#### What is being asked
In the material below, find every line containing "getting" and copy that line.

====== Records to use ======

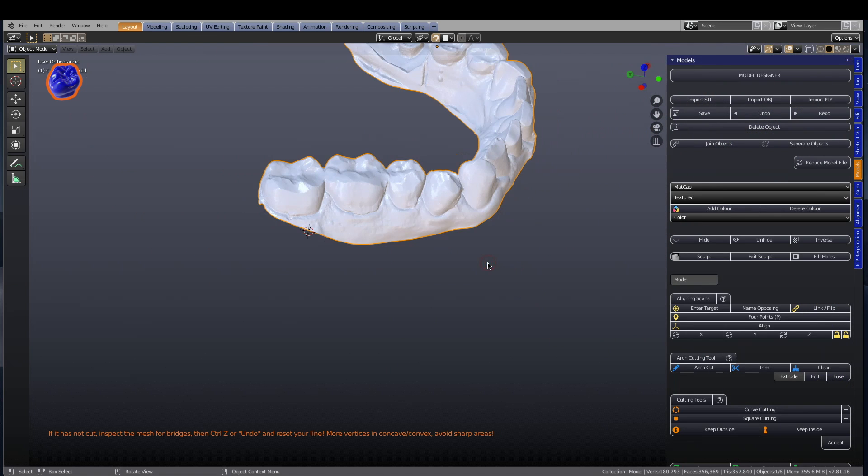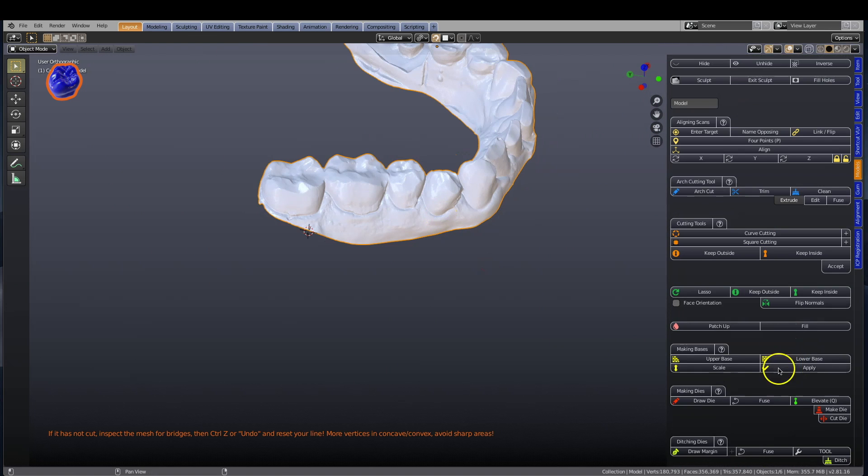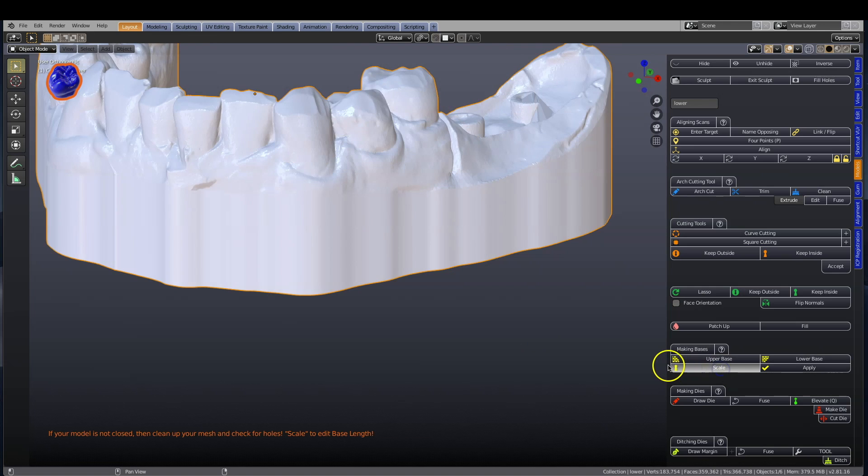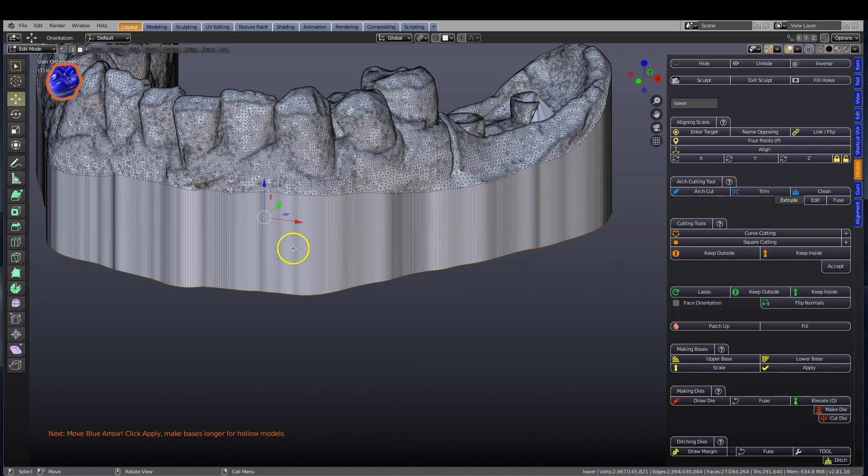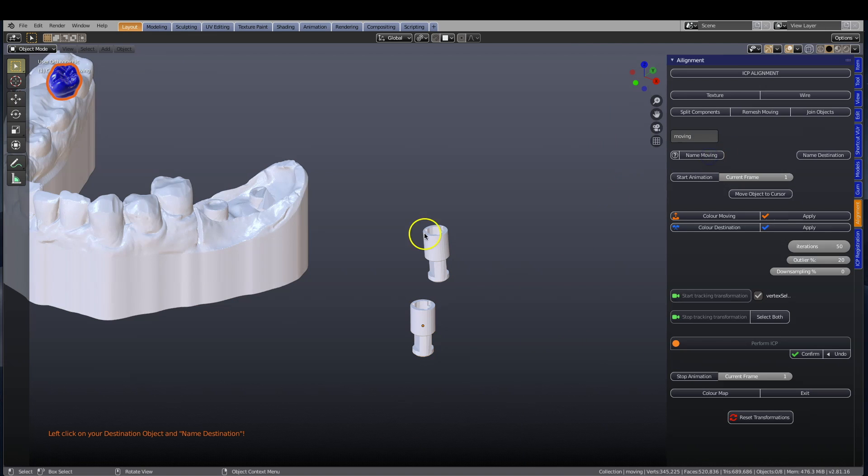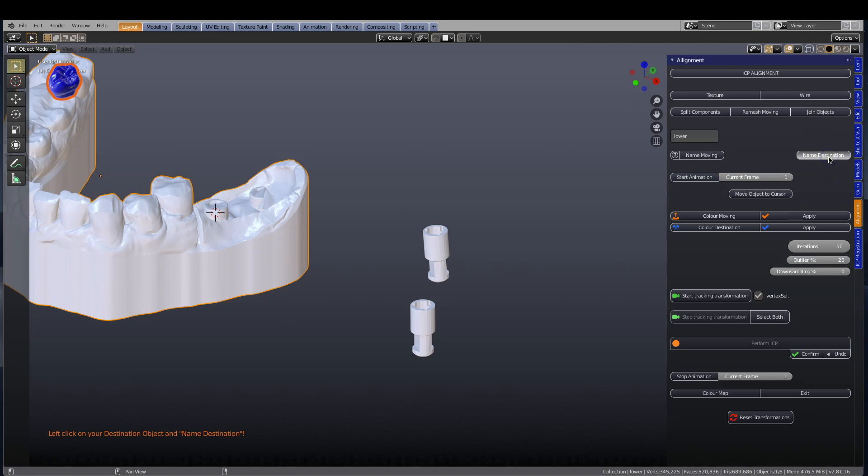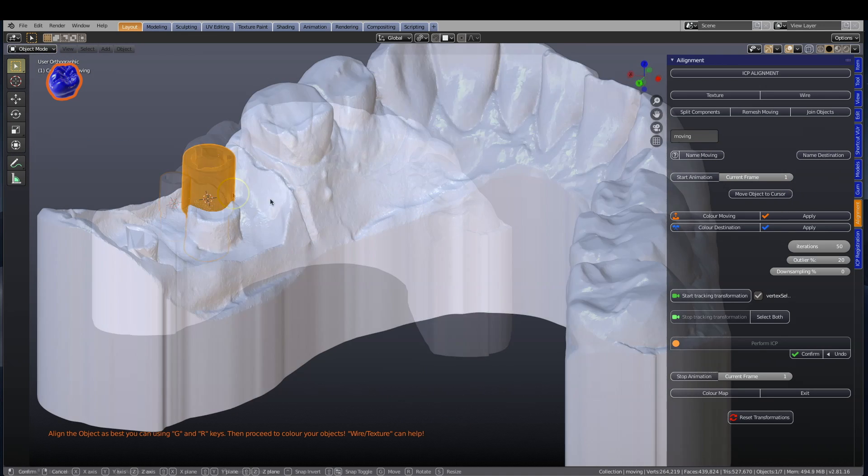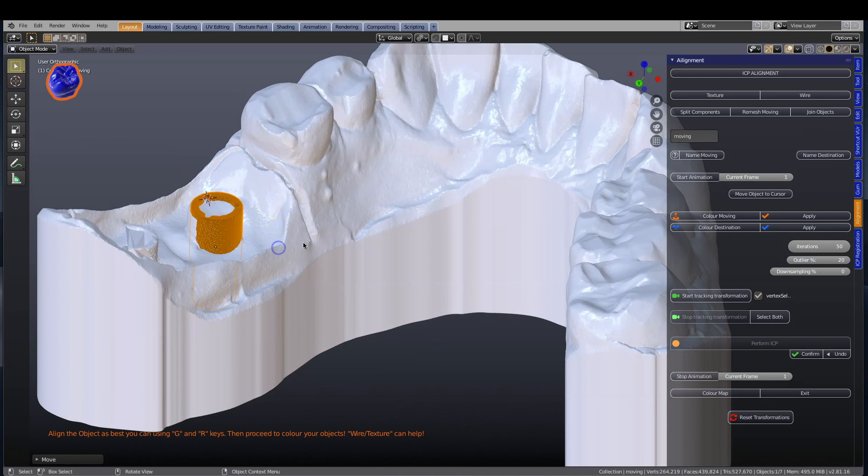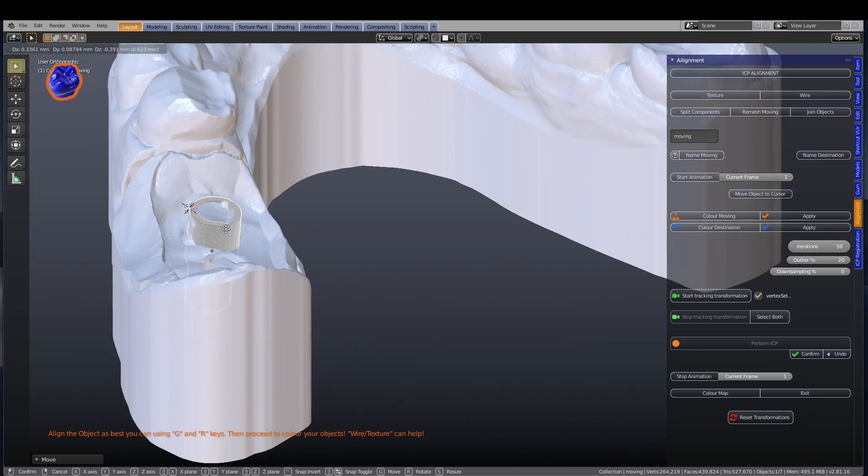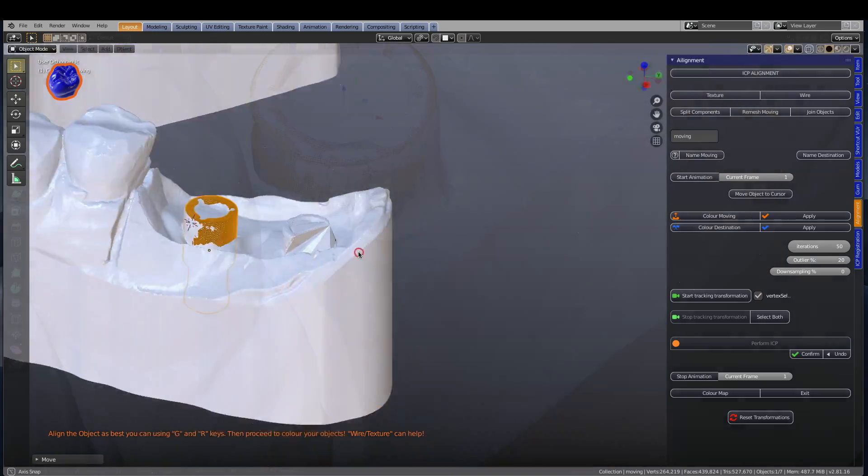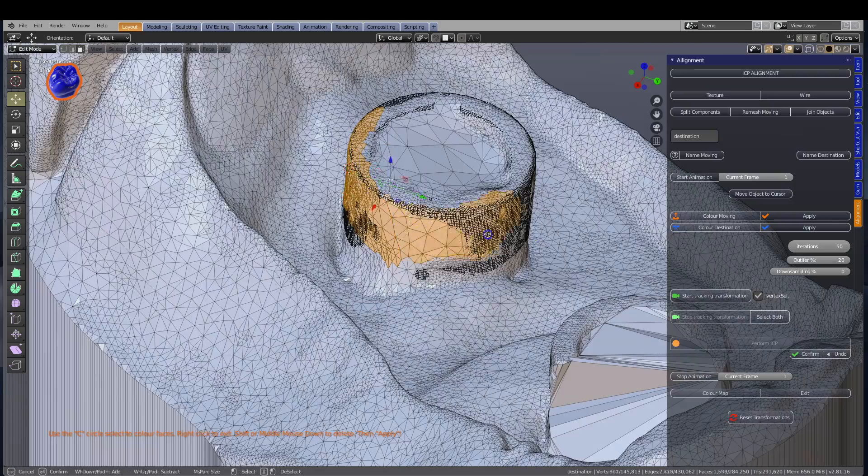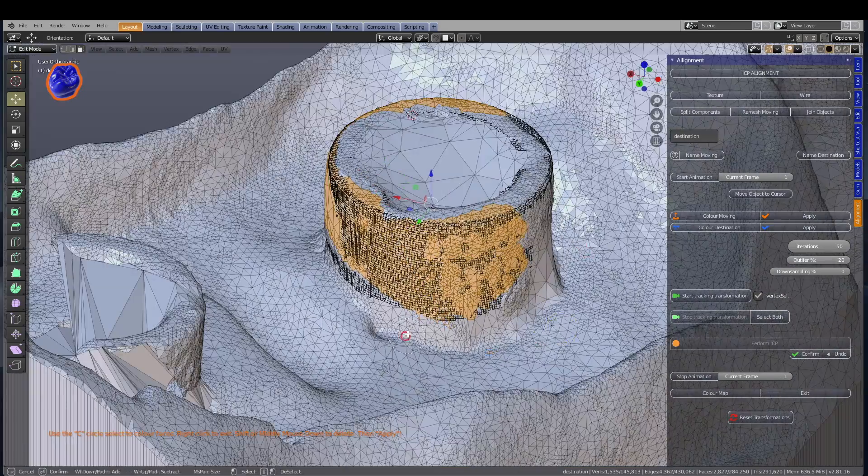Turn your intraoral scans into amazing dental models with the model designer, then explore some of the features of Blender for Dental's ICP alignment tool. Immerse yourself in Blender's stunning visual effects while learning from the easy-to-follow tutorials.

======
====== Records to use ======

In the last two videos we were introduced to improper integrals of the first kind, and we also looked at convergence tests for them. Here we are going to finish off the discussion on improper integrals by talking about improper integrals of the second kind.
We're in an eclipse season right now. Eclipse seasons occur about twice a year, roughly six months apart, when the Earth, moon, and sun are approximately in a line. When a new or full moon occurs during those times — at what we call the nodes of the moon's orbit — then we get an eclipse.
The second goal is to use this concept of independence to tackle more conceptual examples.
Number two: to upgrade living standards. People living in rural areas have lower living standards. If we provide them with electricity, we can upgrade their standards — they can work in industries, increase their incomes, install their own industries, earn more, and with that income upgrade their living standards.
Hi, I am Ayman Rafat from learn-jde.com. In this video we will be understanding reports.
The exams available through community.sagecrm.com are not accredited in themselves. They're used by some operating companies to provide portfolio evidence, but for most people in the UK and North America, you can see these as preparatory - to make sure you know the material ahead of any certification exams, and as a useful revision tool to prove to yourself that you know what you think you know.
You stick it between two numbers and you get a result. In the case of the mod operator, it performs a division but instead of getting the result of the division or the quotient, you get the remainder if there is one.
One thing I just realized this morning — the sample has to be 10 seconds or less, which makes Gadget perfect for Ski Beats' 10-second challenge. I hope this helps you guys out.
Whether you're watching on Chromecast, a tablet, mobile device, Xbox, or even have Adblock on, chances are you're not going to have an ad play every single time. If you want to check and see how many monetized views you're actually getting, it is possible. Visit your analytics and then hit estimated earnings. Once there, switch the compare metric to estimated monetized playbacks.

======

#### Answer space
You stick it between two numbers and you get a result. In the case of the mod operator, it performs a division but instead of getting the result of the division or the quotient, you get the remainder if there is one.
Whether you're watching on Chromecast, a tablet, mobile device, Xbox, or even have Adblock on, chances are you're not going to have an ad play every single time. If you want to check and see how many monetized views you're actually getting, it is possible. Visit your analytics and then hit estimated earnings. Once there, switch the compare metric to estimated monetized playbacks.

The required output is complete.